Most of my friends, including me, are interested in cricket. The corona crisis has made most of us bored during the weekends and we wanted a way to spend our time away. Few of them came up with an idea of holding a mock auction where they give a rating to each player based on stats in IPL( Indian Premiere League). This rating won't be revealed to anyone till the end. The idea is to have 8 teams (comprised of 3 people per team) put up a lineup of 11 players and the one with maximum rating wins.

RULES:

  1. Each team can only select 11 players.
  2. Batsman - Min 3 Max 5
  3. Bowlers - Min 3 Max 5
  4. All Rounders - Min 1 Max 3
  5. Wicketkeepers - 1
  6. Max Spending limit - 30 crores. 7 . Overseas Players - 4

PLAYERS CHOSEN:

Around 240 players , throughout the history of IPL, were chosen by them and a list was released indicating their roles(BAT/BOWL/ALLROUNDER/WK).

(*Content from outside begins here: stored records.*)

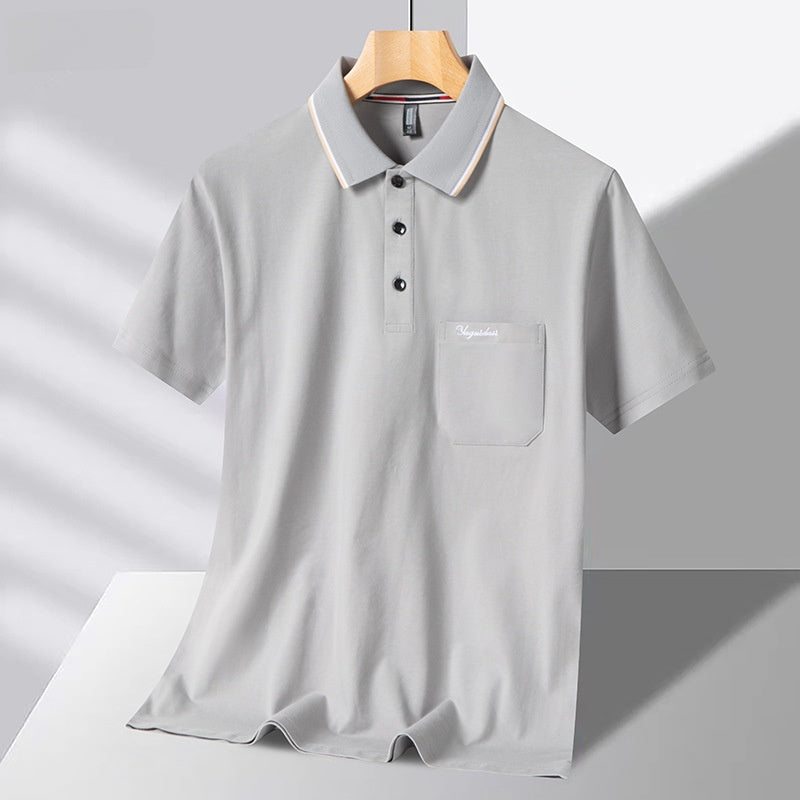 Mens Cotton Lapel Polo Shirt
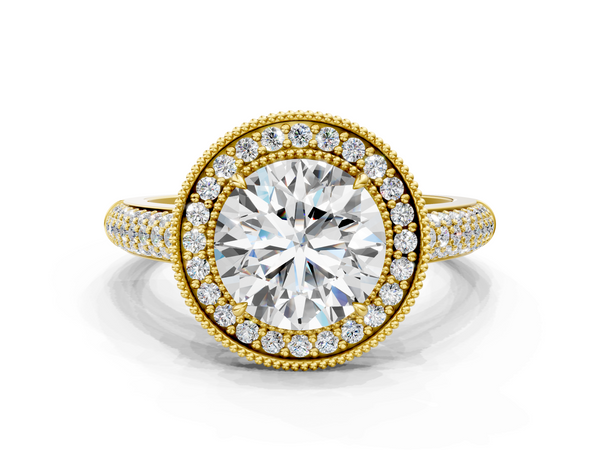 Yellow gold Round Cut Halo Diamond Pave Band with Four-Prong Setting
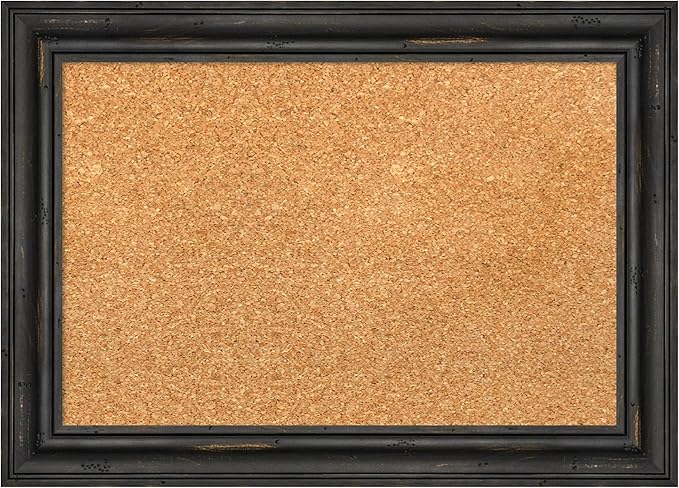 Amanti Art Natural Cork Board for Wall, 15x21 Vision Board with Black Wood Frame, Small Corkboard Office Decor for Home Organization, Country Rustic Corkboard Pinboard to Display Items for Home
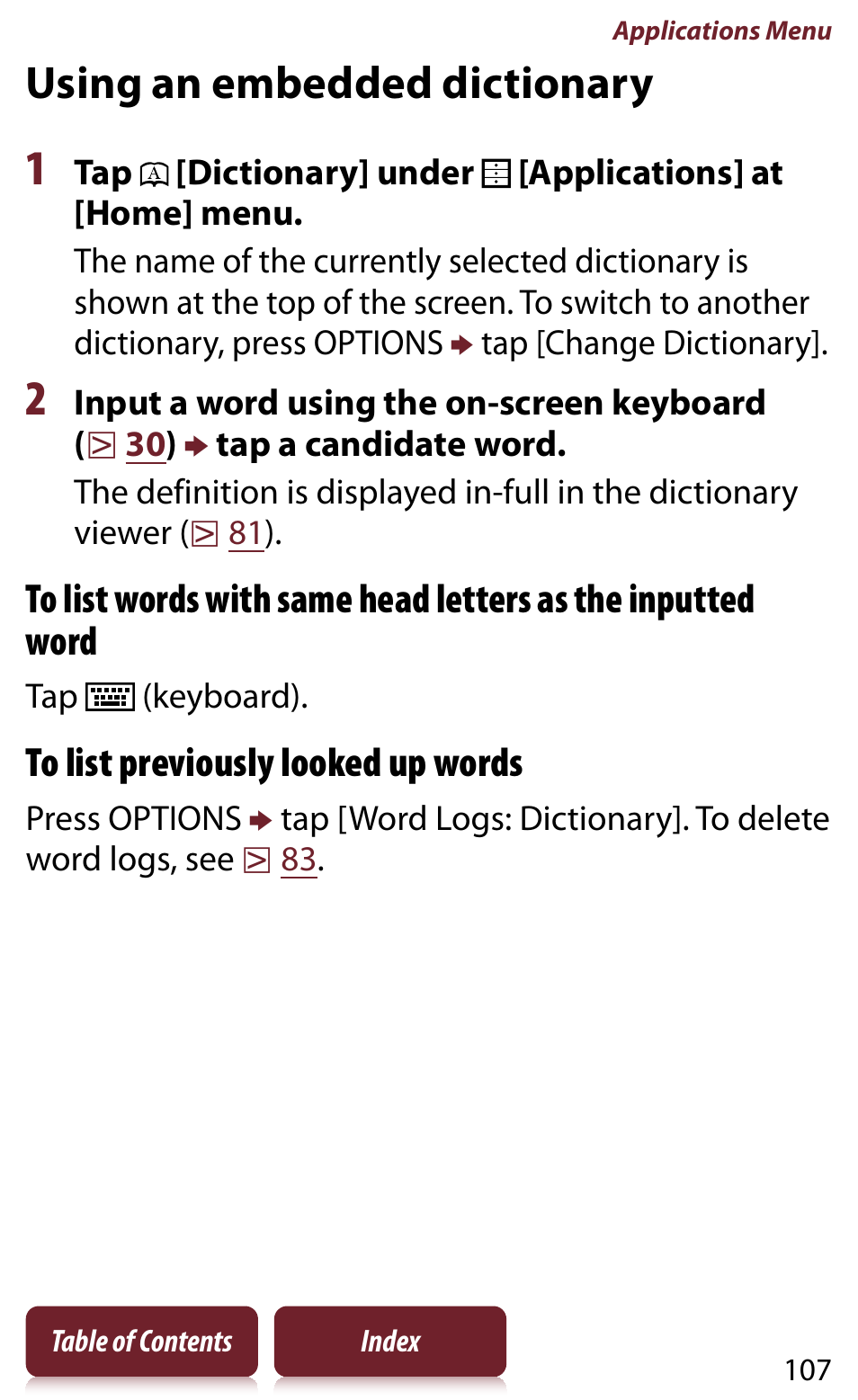 Using an embedded dictionary | Sony READER DAILY EDITION PRS-950 User Manual | Page 107 / 175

The only clue about the rating that was given was that it was derived from stats in their own way

IDEA:

Being a data scientist , it was right up my ally and i wanted to build a system that could help me in choosing the best players .

  1. Scraping -Scraped through the ipl website for stats of all the players from 2008-2019.
  2. Pre-Processing - Created a heuristic rating from all the stats
  3. Optimization - Used PuLP package to solve an Binary Integer Programming optimization problem.